_PROBLEM STATEMENT_: Could you retype the whole listing word for word and drop the images?

─── DATASET RECORDS ───

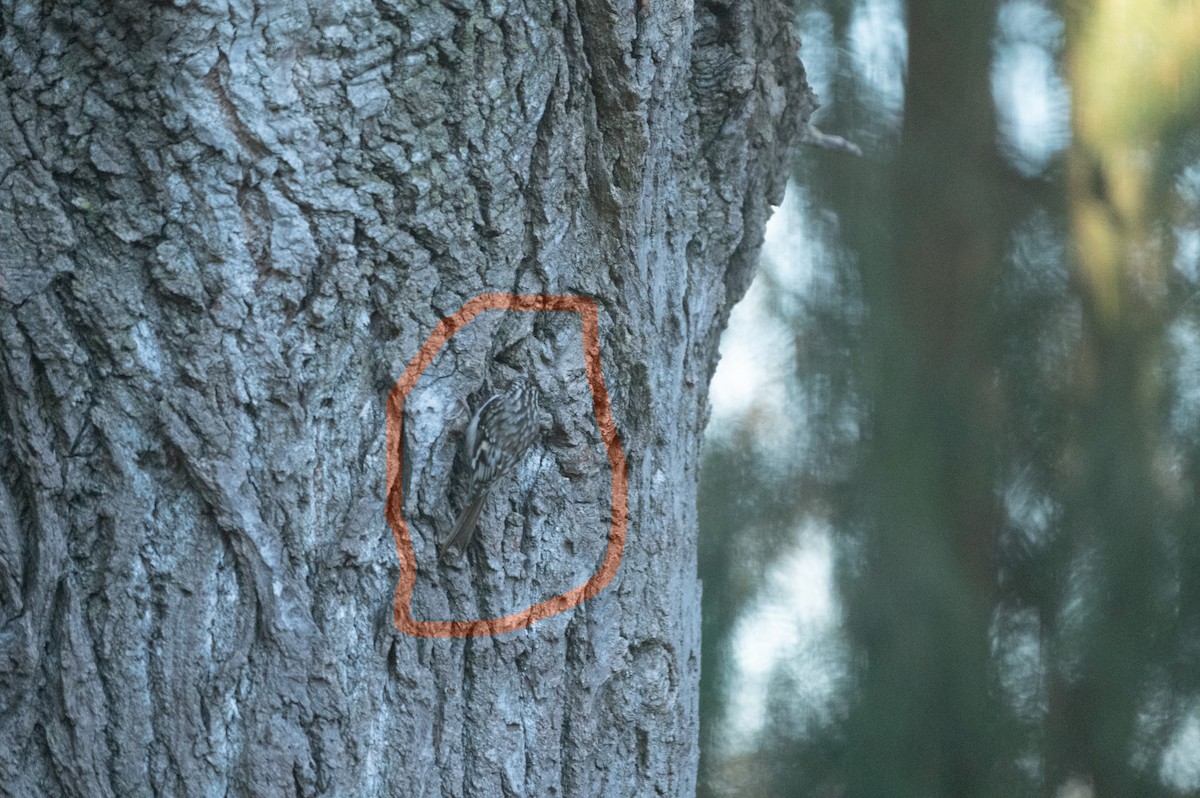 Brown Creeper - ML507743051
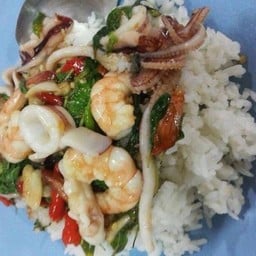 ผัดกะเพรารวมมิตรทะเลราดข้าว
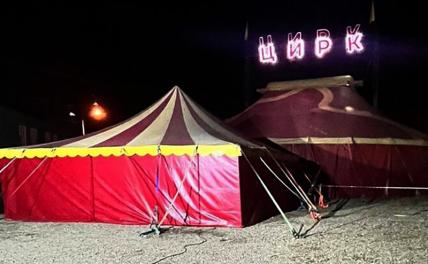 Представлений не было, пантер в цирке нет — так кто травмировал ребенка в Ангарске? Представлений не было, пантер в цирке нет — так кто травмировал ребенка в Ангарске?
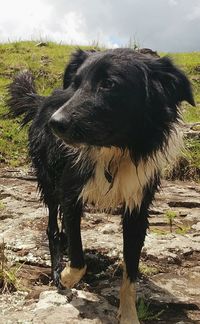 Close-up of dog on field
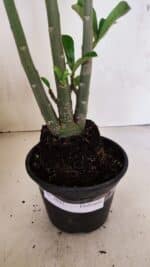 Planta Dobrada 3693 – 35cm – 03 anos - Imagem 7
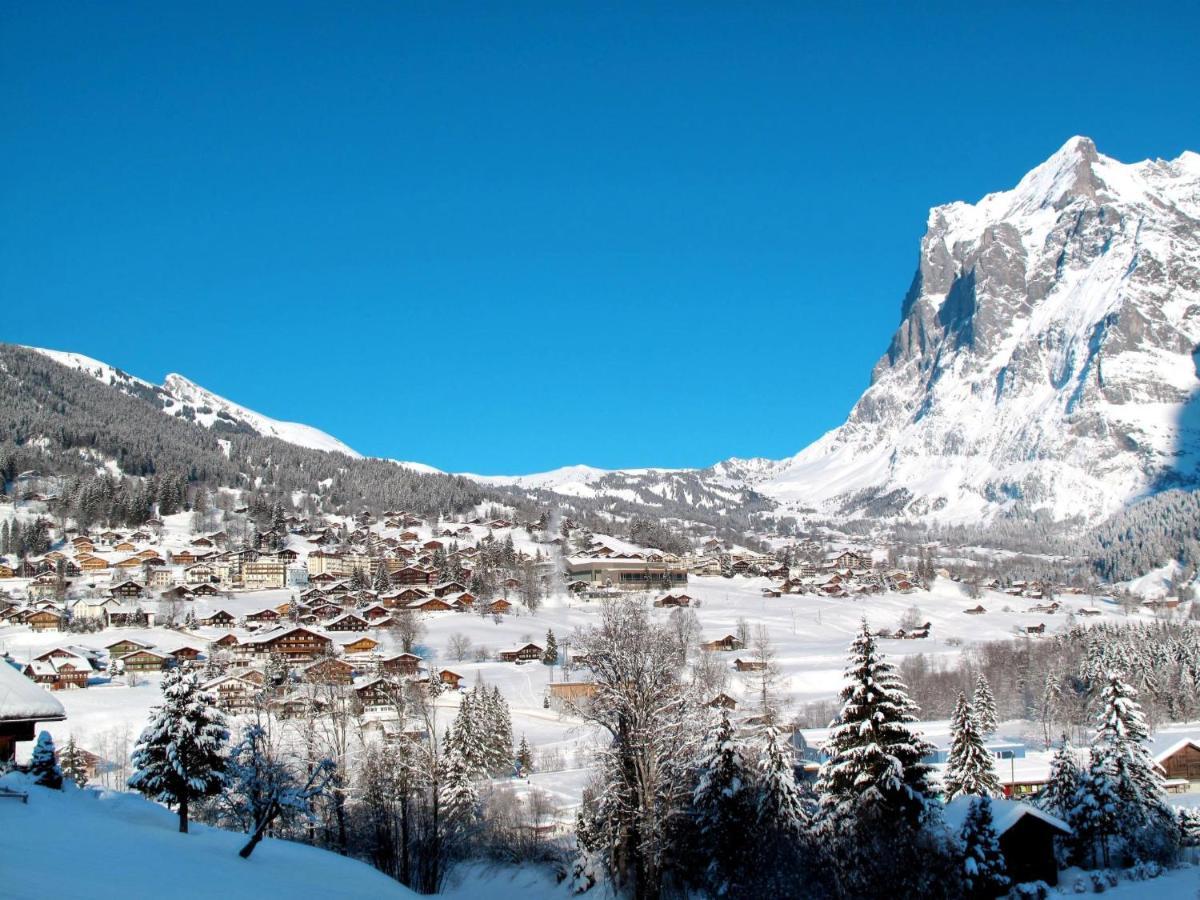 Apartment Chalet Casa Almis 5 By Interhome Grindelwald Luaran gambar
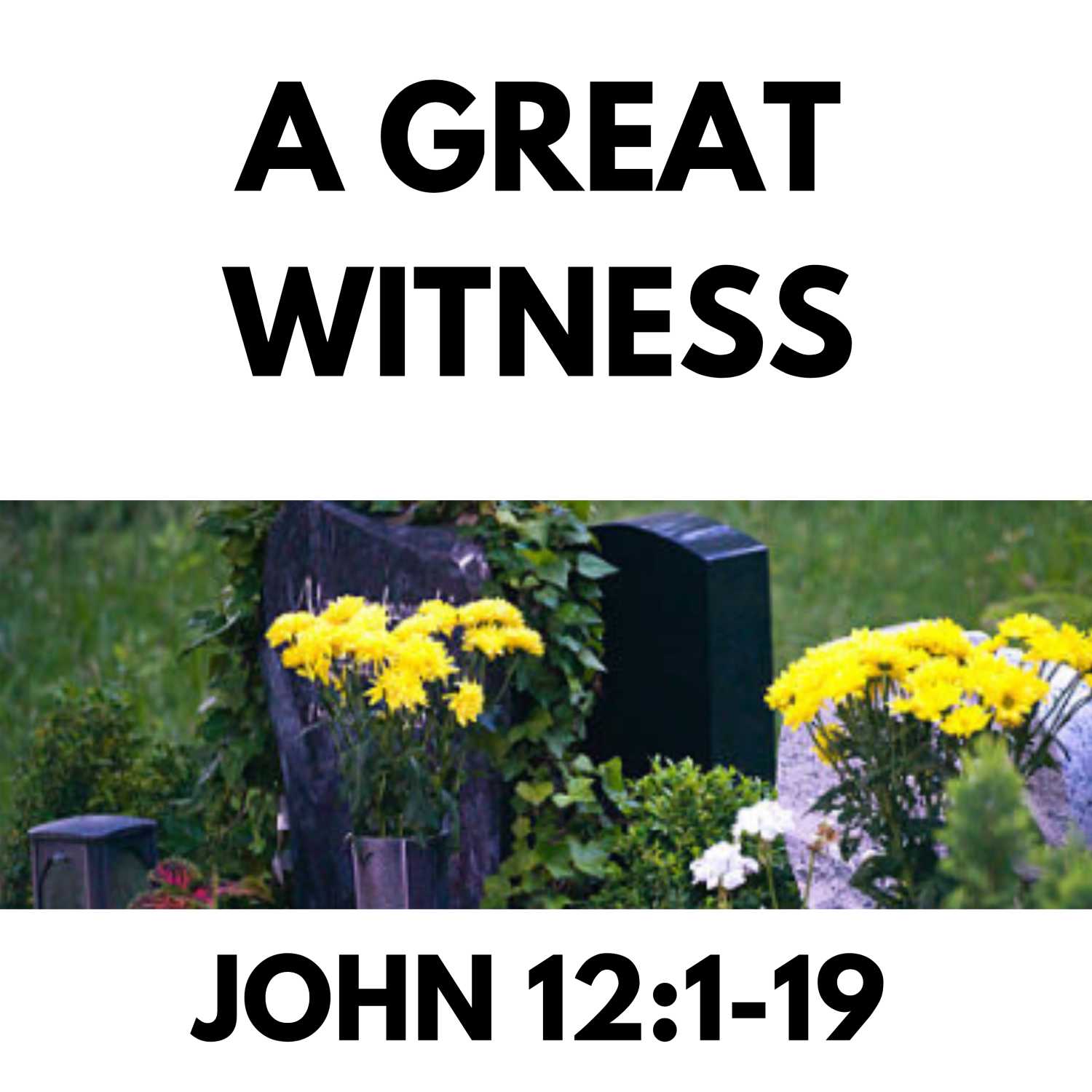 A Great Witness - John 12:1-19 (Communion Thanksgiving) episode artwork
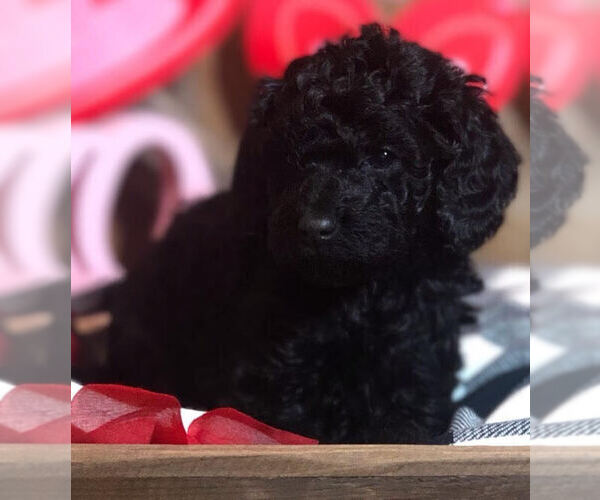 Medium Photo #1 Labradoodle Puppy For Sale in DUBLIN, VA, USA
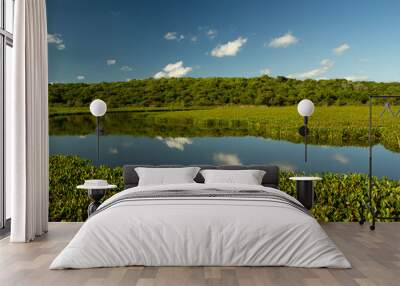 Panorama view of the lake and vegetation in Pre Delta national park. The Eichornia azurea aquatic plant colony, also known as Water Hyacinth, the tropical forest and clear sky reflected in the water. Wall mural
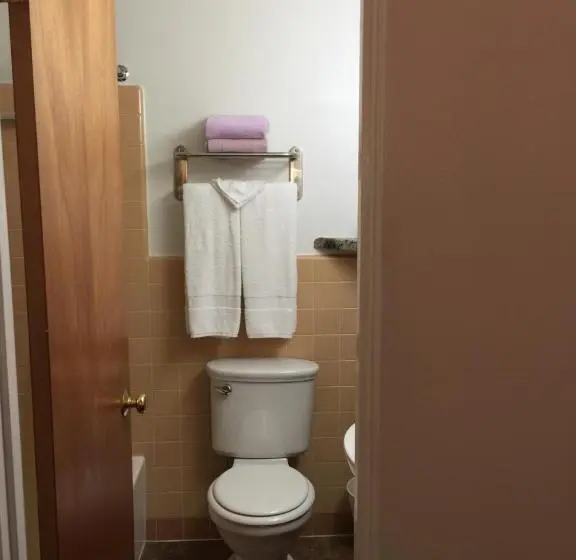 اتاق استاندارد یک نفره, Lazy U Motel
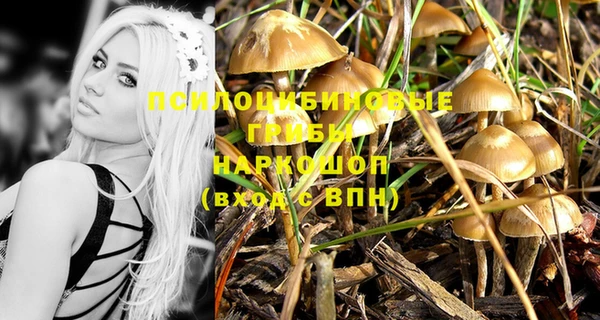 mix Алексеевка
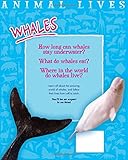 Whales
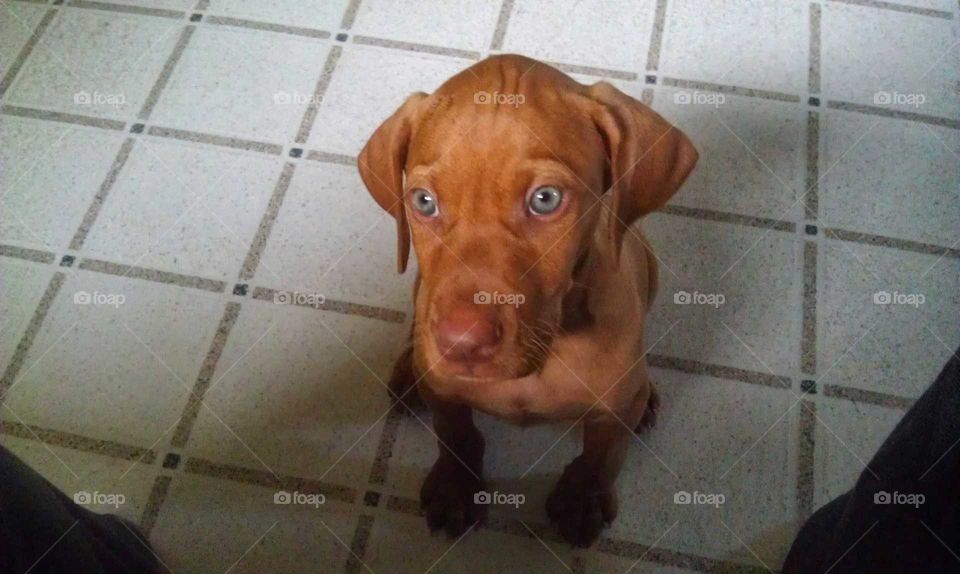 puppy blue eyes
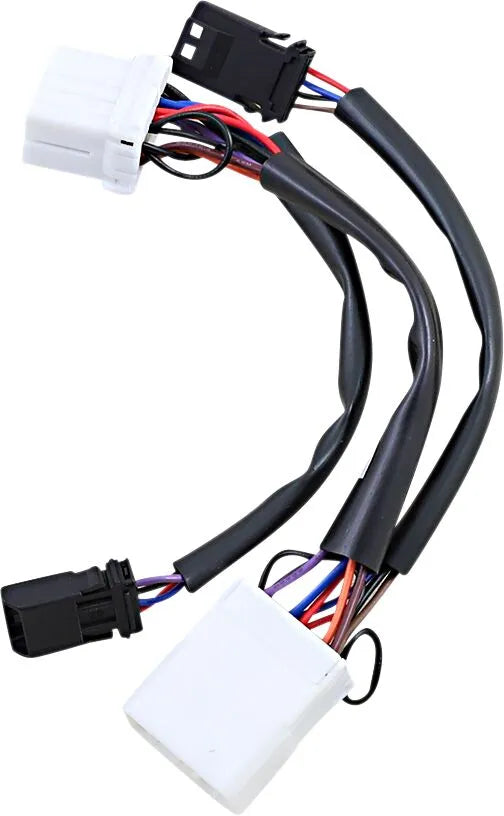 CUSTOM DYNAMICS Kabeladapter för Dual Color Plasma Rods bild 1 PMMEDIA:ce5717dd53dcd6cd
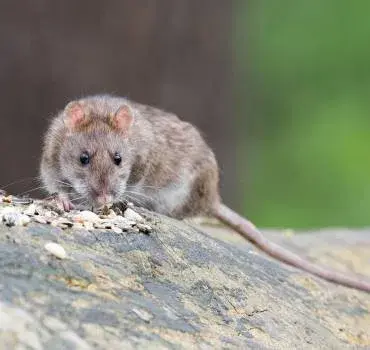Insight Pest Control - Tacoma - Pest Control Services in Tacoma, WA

───

_SOLUTION TO THIS TASK_:
 Brown Creeper - ML507743051
 ผัดกะเพรารวมมิตรทะเลราดข้าว
 Представлений не было, пантер в цирке нет — так кто травмировал ребенка в Ангарске? Представлений не было, пантер в цирке нет — так кто травмировал ребенка в Ангарске?
 Close-up of dog on field
 Planta Dobrada 3693 – 35cm – 03 anos - Imagem 7
 Apartment Chalet Casa Almis 5 By Interhome Grindelwald Luaran gambar
 A Great Witness - John 12:1-19 (Communion Thanksgiving) episode artwork
 Medium Photo #1 Labradoodle Puppy For Sale in DUBLIN, VA, USA
 Panorama view of the lake and vegetation in Pre Delta national park. The Eichornia azurea aquatic plant colony, also known as Water Hyacinth, the tropical forest and clear sky reflected in the water. Wall mural
 اتاق استاندارد یک نفره, Lazy U Motel
 mix Алексеевка
 Whales
 puppy blue eyes
 CUSTOM DYNAMICS Kabeladapter för Dual Color Plasma Rods bild 1 PMMEDIA:ce5717dd53dcd6cd
Insight Pest Control - Tacoma - Pest Control Services in Tacoma, WA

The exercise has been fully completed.